Iknklast, I went to school in Toronto, Canada. The situations in which I was allowed to wear pants were for leisure/play. I still had to wear skirts/dresses to elementary school (I remember how happy I was to change into pants as soon as I got home from school). When I was in junior high, I was happy to be allowed to wear “pantsuits” (and was fortunate that my mum was able and willing to buy them for me). But when I started high school (in 1971), mandated clothing for girls was skirts or dresses (that was the “grownup” way dress – the boys also had some rules to the extent that jeans/shorts were forbidden). It was cold in the winter in Toronto, and even putting aside fashion choices, I thought it was most unreasonable to force bare legs for my 2 mile walk to the school.* The tide started to turn during the year I was in grade 9, and the school decided that each individual teacher could make the rules for their class. I had 2 anti-pants teachers, so on days I had classes with them, I would wear a pantsuit (which ironically had a really short dress portion), and take off the pants just before those classes. The good news was that eventually the rules were withdrawn – girls could wear pants to all classes, and by the next year, even blue jeans were allowed as long as they were “clean and not torn”. (The not so good news is that the sexism on the academic side continued, as evidenced by the fact that I was forbidden by the vice principal to take an electronics class, despite having demonstrated math and science aptitude, as well as permission and support of the teacher, on the grounds that it was a subject inappropriate for a girl. But, rather to the delight of the teacher, I subsequently went off to university and became an electrical engineer.)
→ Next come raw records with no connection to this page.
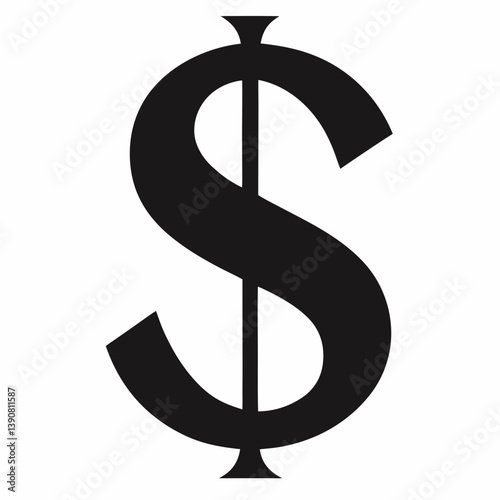 dollar sign isolated on white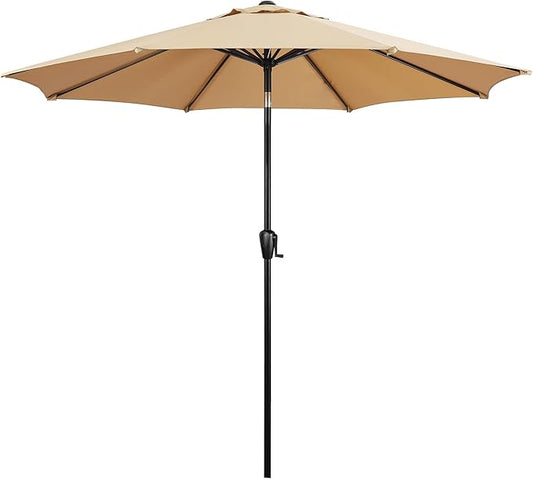 Sun-Ray 9' Round Patio Umbrella with Push-Button Tilt and Hand Crank Lift System, Market Umbrella for Porch, Deck, and Patio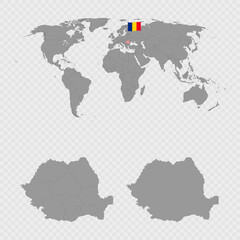 Romania Map Set with World Location.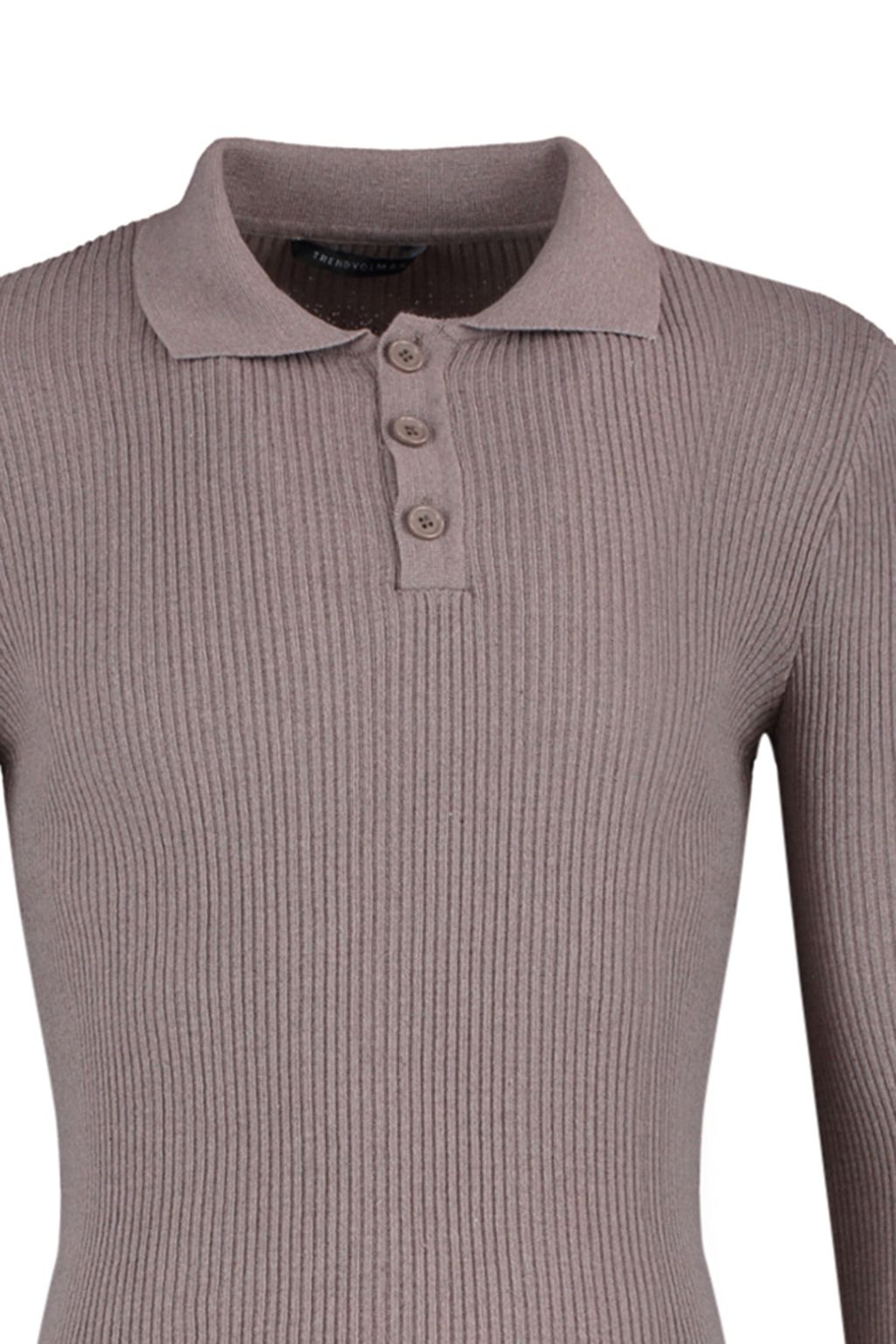 Trendyolmilla Man Haki Fitted Dar Kal?p Pamuklu Polo Yaka Dugmeli Fitilli Orgu Kazak TMNAW21KZ0567 фото 7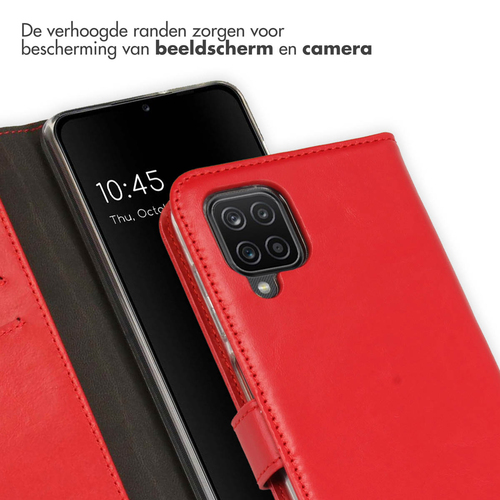 Selencia Echt Lederen Bookcase Samsung Galaxy A12 - Rood, afbeelding 4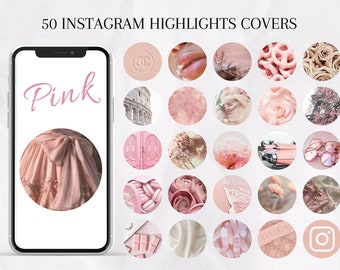 May include: 50 pink Instagram highlight covers with various designs, including a pink dress, a pink door, a pink rose, a pink cupcake, and a pink bow. The covers are arranged in a grid pattern.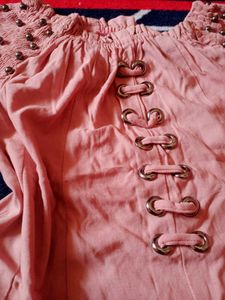 Pink Bell Sleeve Corset Top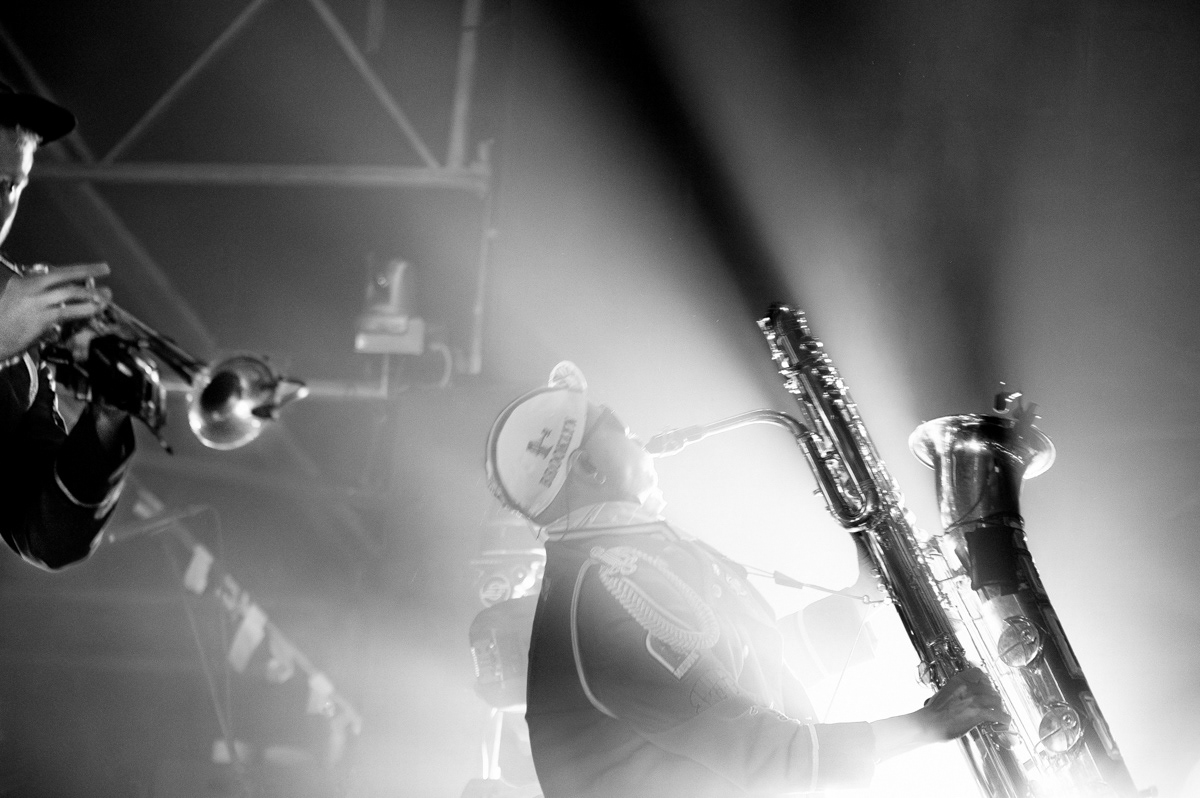 bw pbandphot. enlightened musician playing saxophone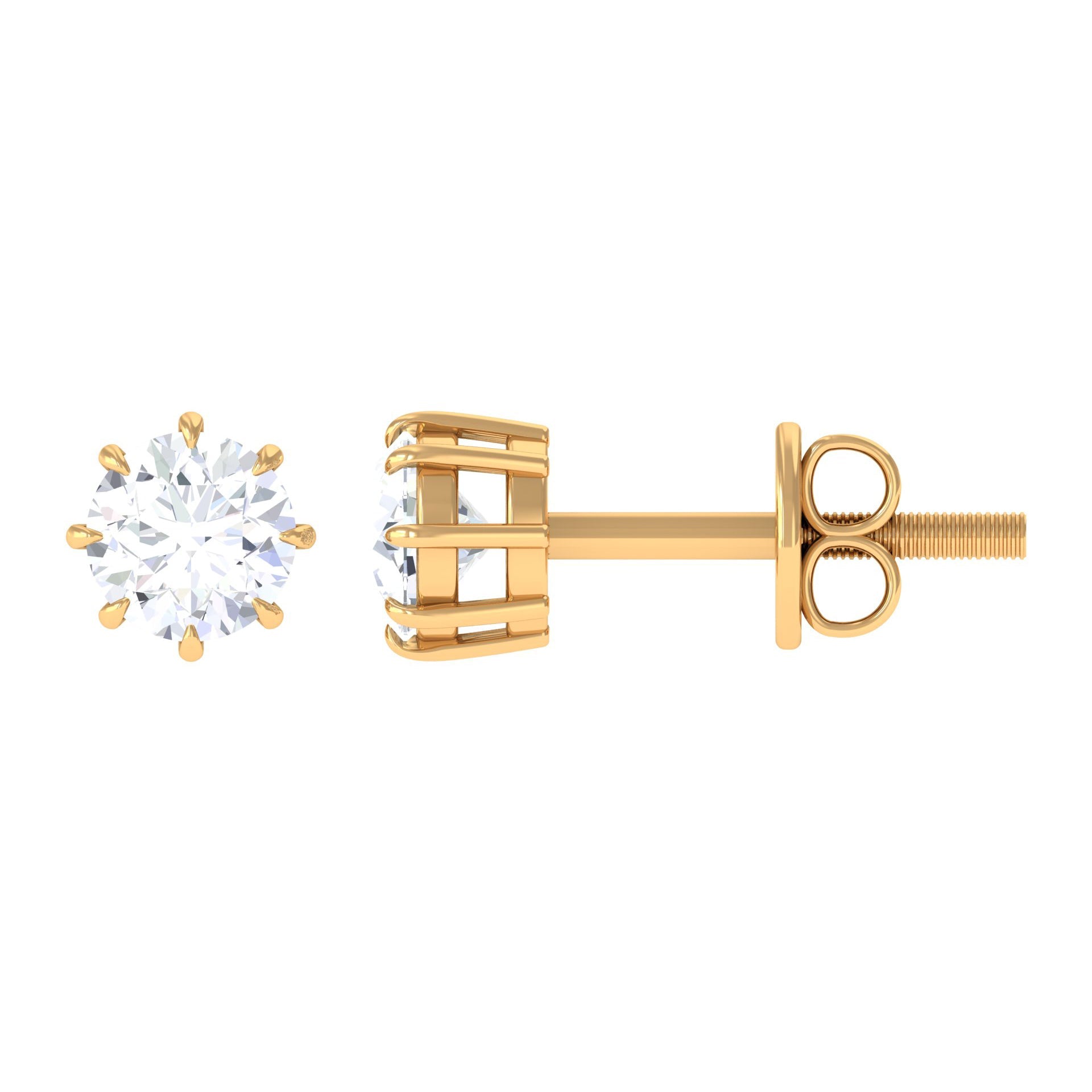 Diamond Stud Earrings – 0.5 Carat Natural Solitaire Round Studs in 8 Claw Prong Setting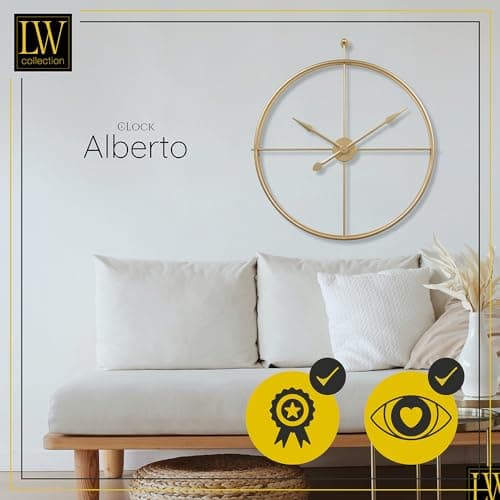 LW Collection Horloge Murale Alberto Or 80 cm - Grande Horloge Murale Industrielle en Métal - Horloge Murale Moderne - Mouvement Silencieux - Horloge Silencieuse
* uphill both ways in a blinding snowstorm
Theo Bromine, that’s similar to my experience. In Maine, having to wear dresses even in snowstorms. My mom bought us snow pants because that would allow us to stay warm on the way to school (and that was before we got to the point where she couldn’t afford to buy us pantsuits).
And as for the taking classes? Yeah, I got Home Ec when I wanted Chemistry. I got Home Ec II when I wanted…well, I don’t remember what I wanted, but it was not Home Ec II. I was good in the basic sciences, and in math, but my algebra teacher had a good old boy manner, only called on boys, and palled around with the boys, while the girls worked in lonely solitude doing problems he would then not bother to grade. And he never called on us. I soon “learned” that I was not good at math, and that there was no future in science for me. I finally became a scientist at 40. Just think of what I might have had, done, discovered, enjoyed if I had been encouraged to be a “person” instead of a “girl”.
Iknklast, the strange thing about the electronics course was that the highschool in general was encouraging (or at least accepting) of girls taking science. We even had a special set of microbiology courses (which I was taking) which had about 50% girls, and the 2 teachers were women. But for some reason, having a girl in electronics in 1975 was just a bridge to far.